> [YOUR GOAL]:
The answer is to consist only of an exact retyping of the lines from the one containing "TANGERINE QUARTZ PENDULUM" to the end of the entries, without pictures.

┌─ DATASET

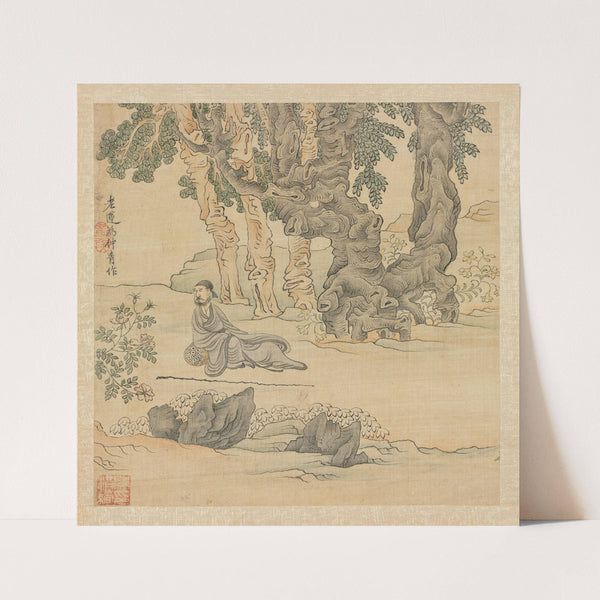 Portrait of Zhongqing in a Landscape (1598-1652) by Chen Hongshou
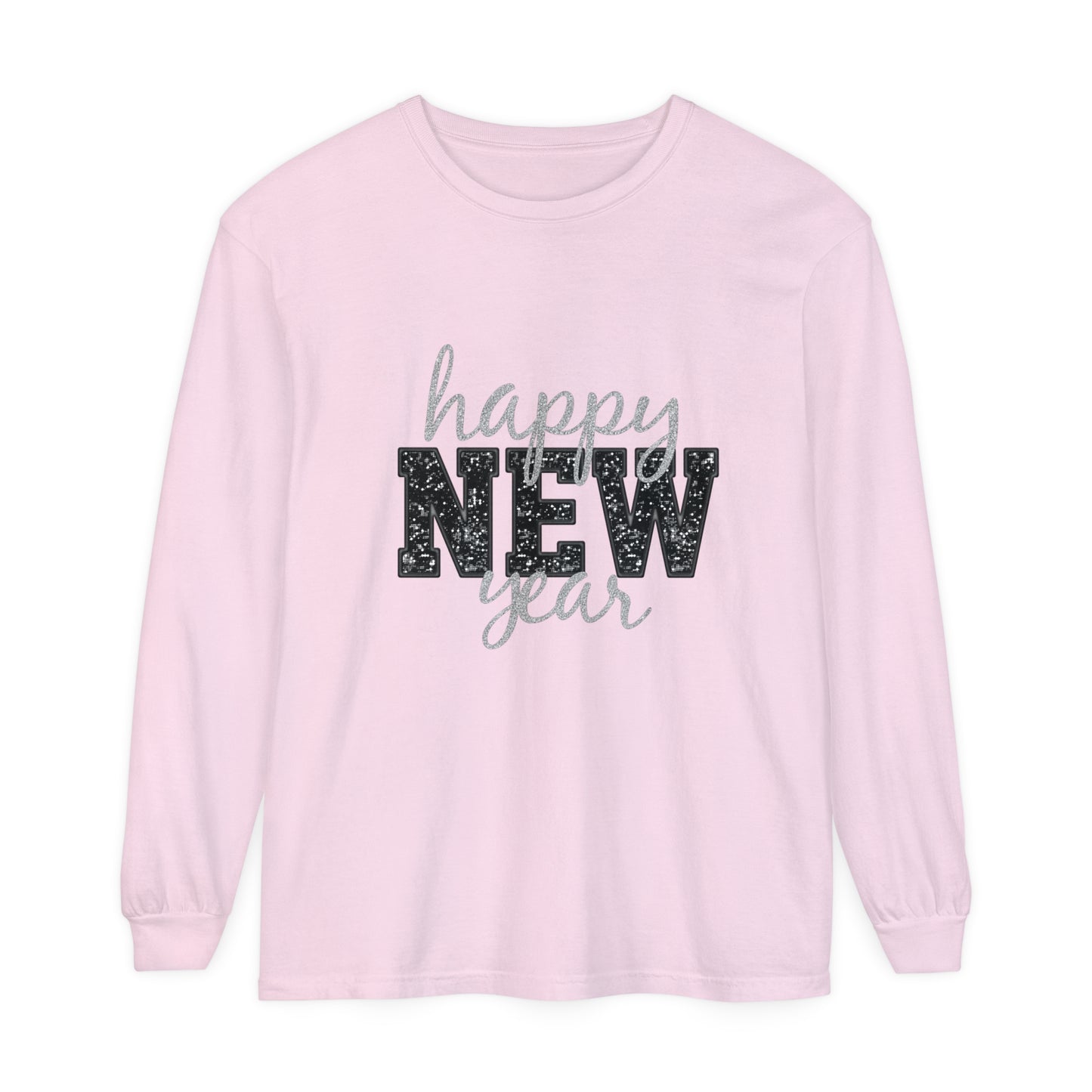 New Year Unisex Garment-dyed Long Sleeve T-Shirt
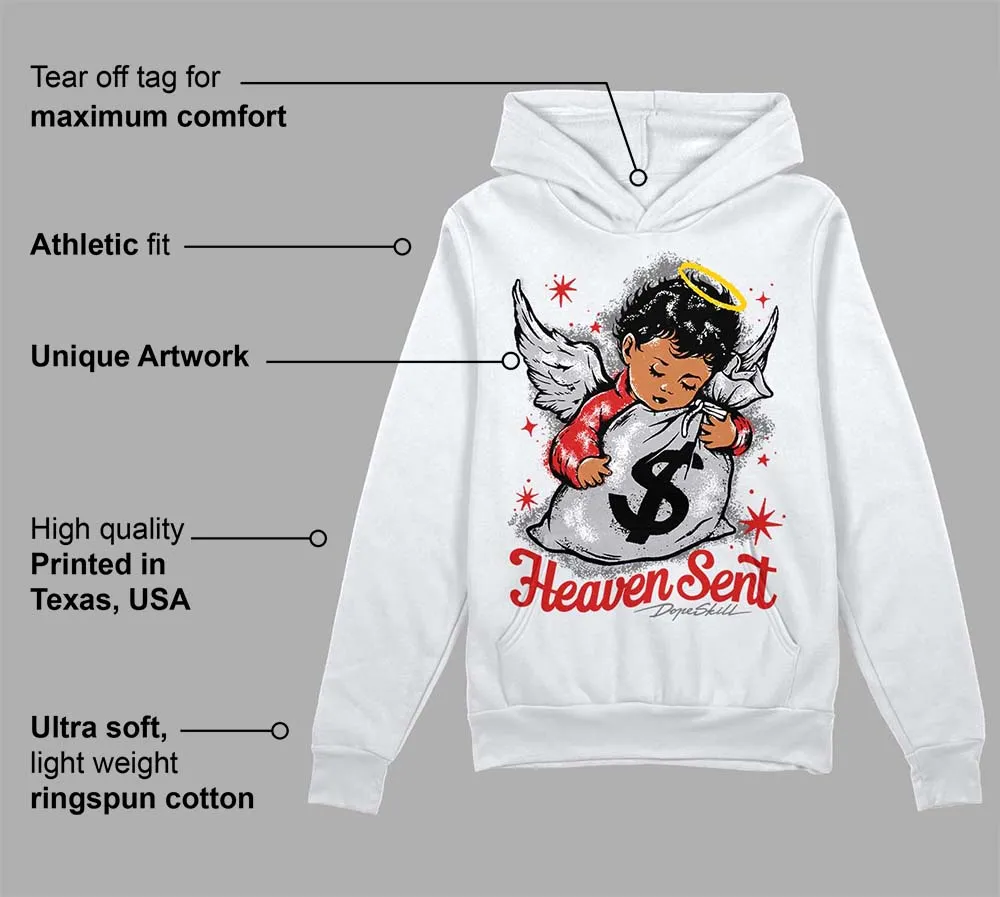 Wolf Grey 13s DopeSkill Hoodie Sweatshirt Heaven Sent Graphic sold by DopeSkill product image thumbnail 3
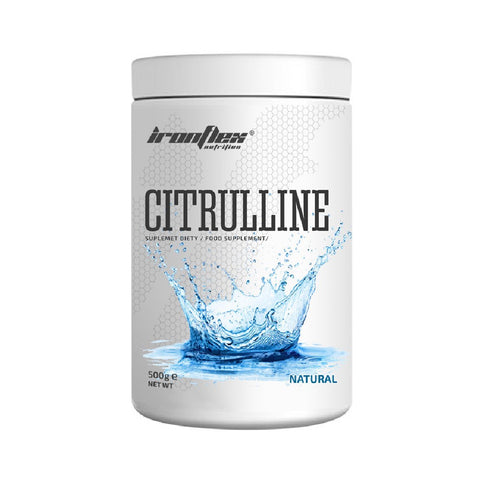 L-Citrulline 500g, pudra, Ironflex, Supliment alimentar pre-workout cu citrulina malat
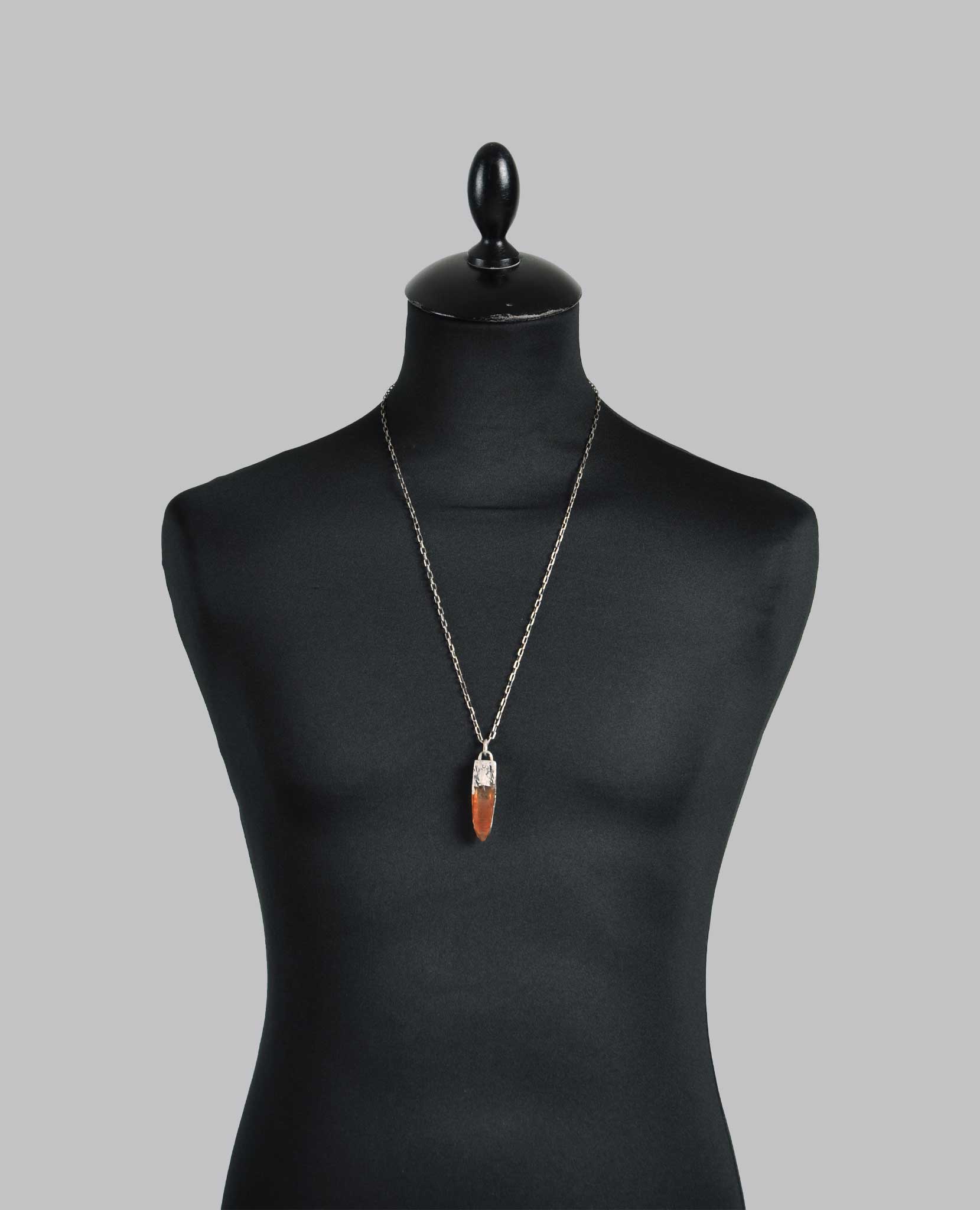 TANGERINE QUARTZ PENDULUM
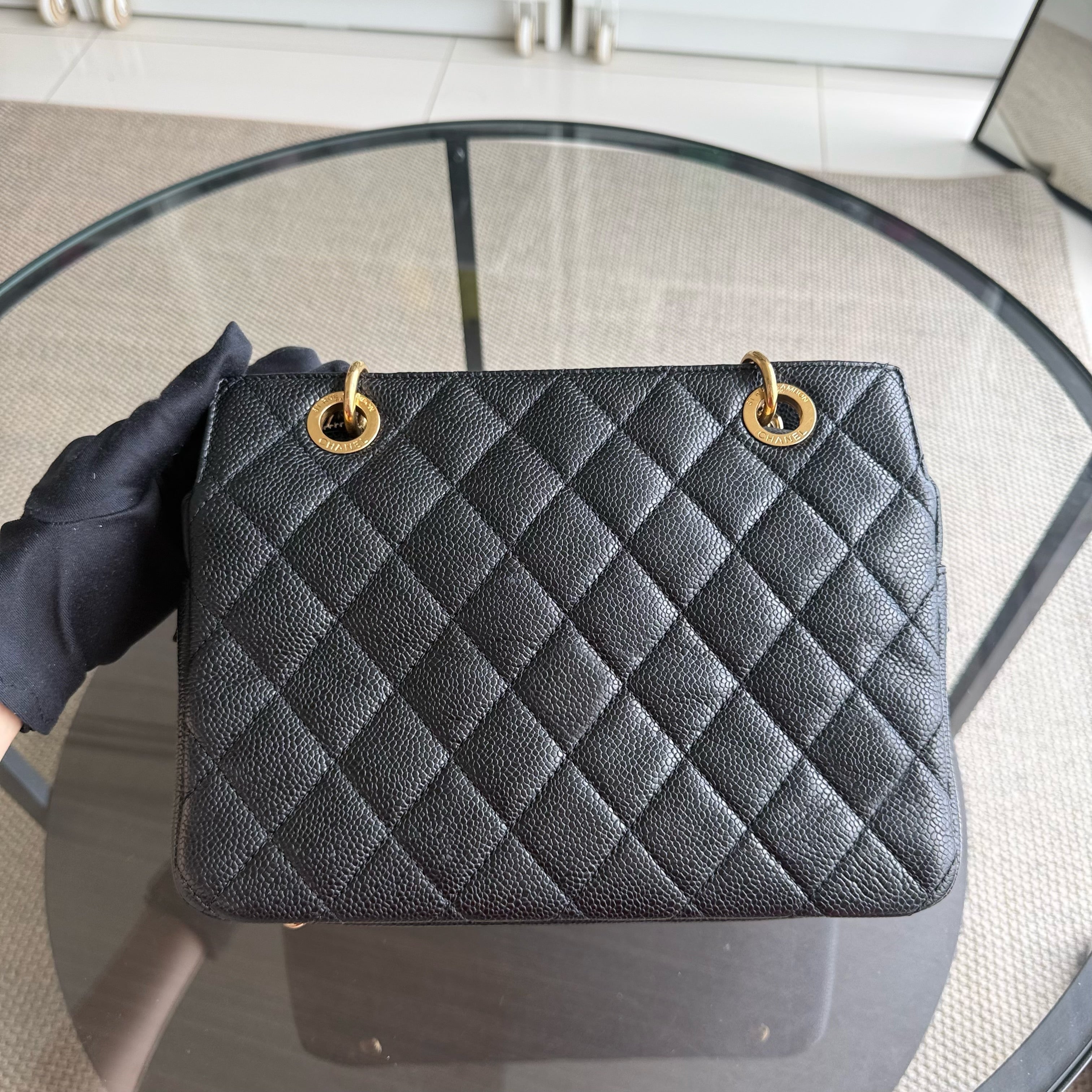 Chanel Petite Timeless Tote - Caviar Quilted Grained Calfskin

└─

> [EXPECTED ANSWER]:
 TANGERINE QUARTZ PENDULUM
 Chanel Petite Timeless Tote - Caviar Quilted Grained Calfskin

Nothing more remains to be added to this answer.